My heart took cues from my senses; something had gone wrong, very wrong.  My old friend was not who I thought they were.  Because, in the end, the concepts of love and friendship are really very simple.

As Sister Dalton pointed out, "The Savior called His disciples His friends. He said:

“'This is my commandment, That ye love one another, as I have loved you.

“'Greater love hath no man than this, that a man lay down his life for his friends.

“'Ye are my friends, if ye do whatsoever I command you.

“'Henceforth I call you not servants; for the servant knoweth not what his lord doeth: but I have called you friends; for all things that I have heard of my Father I have made known unto you.'”

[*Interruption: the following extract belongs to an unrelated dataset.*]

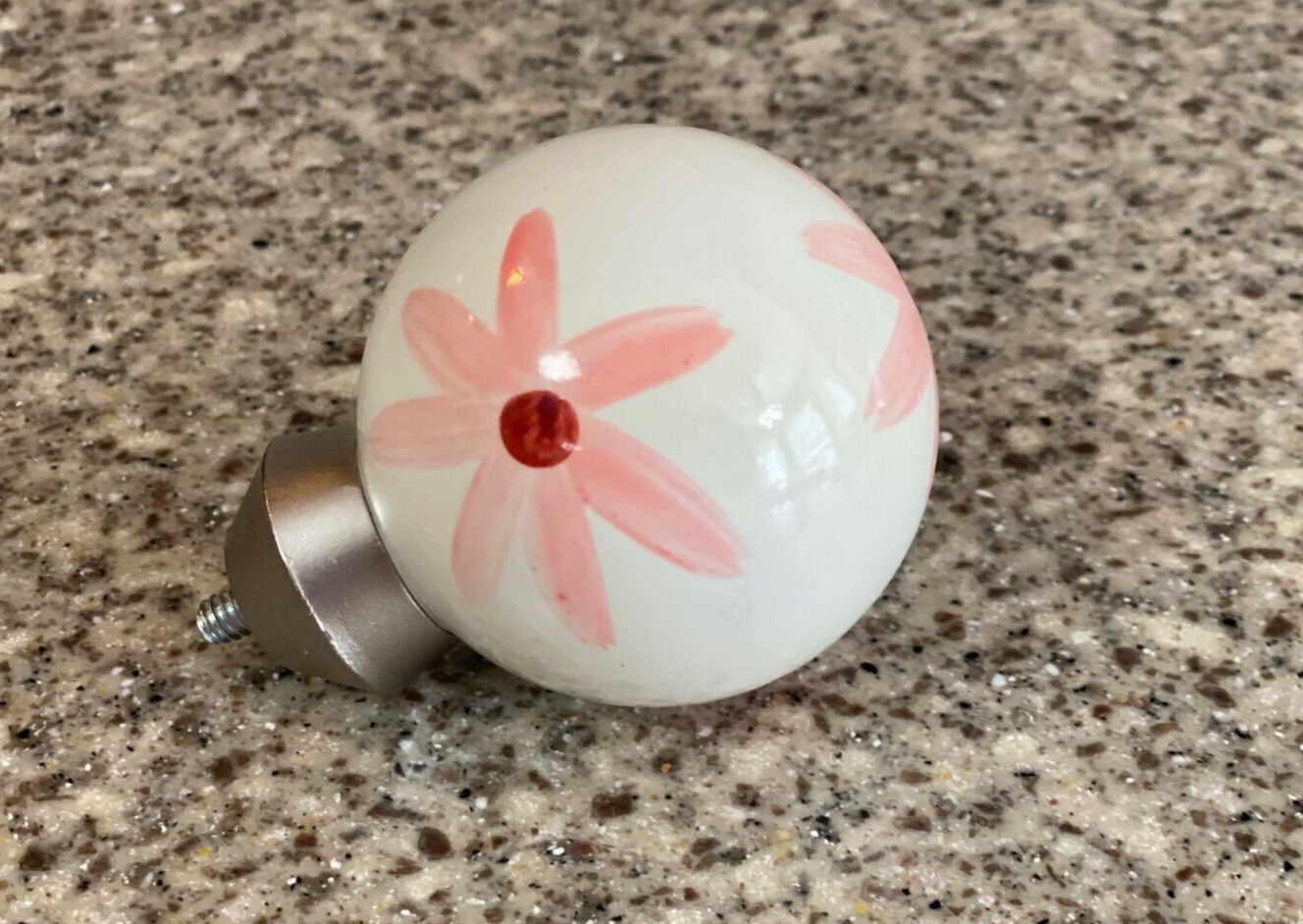 Pottery Barn Kids~Curtain Rod Finial~Pink Flower~Ceramic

Sister Dalton then concluded: "As you live and share the gospel of Jesus Christ, you will attract people to you who will want to be your friend -- not just a contact on a social media site but the kind of friend the Savior exemplified by His words and His example. As you strive to be a friend to others and to let your light shine forth, your influence will bless the lives of many with whom you associate.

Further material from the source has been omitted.